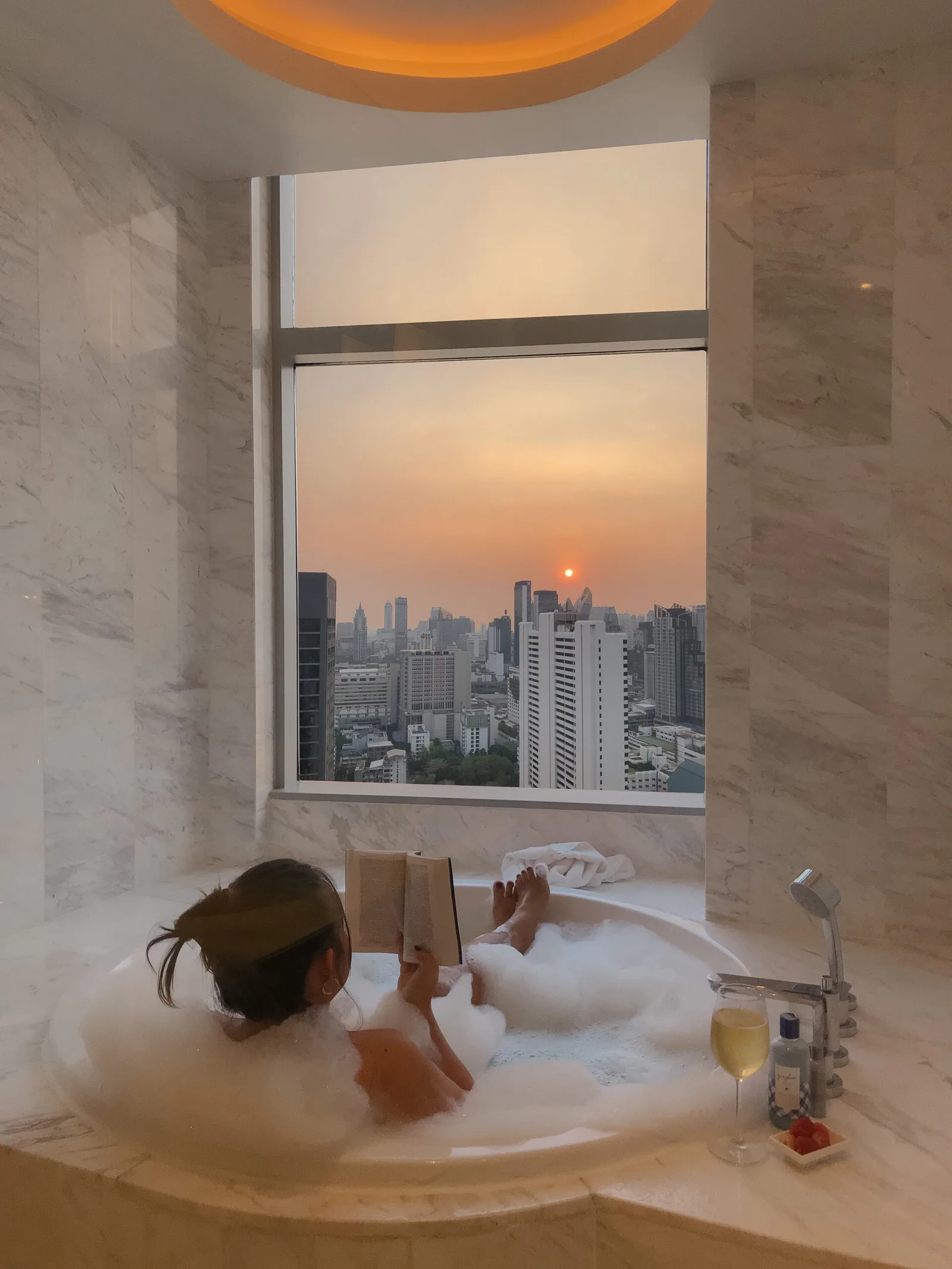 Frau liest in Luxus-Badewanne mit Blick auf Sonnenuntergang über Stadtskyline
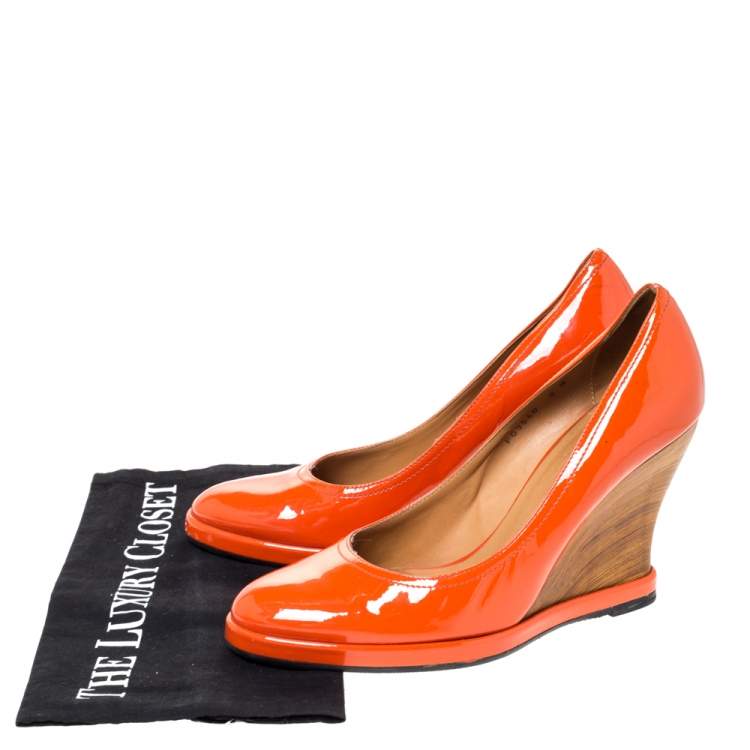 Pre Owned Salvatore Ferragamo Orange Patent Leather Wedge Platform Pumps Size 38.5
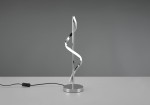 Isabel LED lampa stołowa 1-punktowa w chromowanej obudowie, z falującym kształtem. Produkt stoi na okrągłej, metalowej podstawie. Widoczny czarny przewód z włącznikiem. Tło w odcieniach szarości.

☆ ☆ ☆ ☆ ☆ ☆ ☆

◆ How to complete this task
Nothing but the lines from the one containing "Pre Owned Salvatore" through the last line of the data should appear in the answer, copied exactly, with pictures excluded.

◆ Output for this exercise
 Pre Owned Salvatore Ferragamo Orange Patent Leather Wedge Platform Pumps Size 38.5
 Isabel LED lampa stołowa 1-punktowa w chromowanej obudowie, z falującym kształtem. Produkt stoi na okrągłej, metalowej podstawie. Widoczny czarny przewód z włącznikiem. Tło w odcieniach szarości.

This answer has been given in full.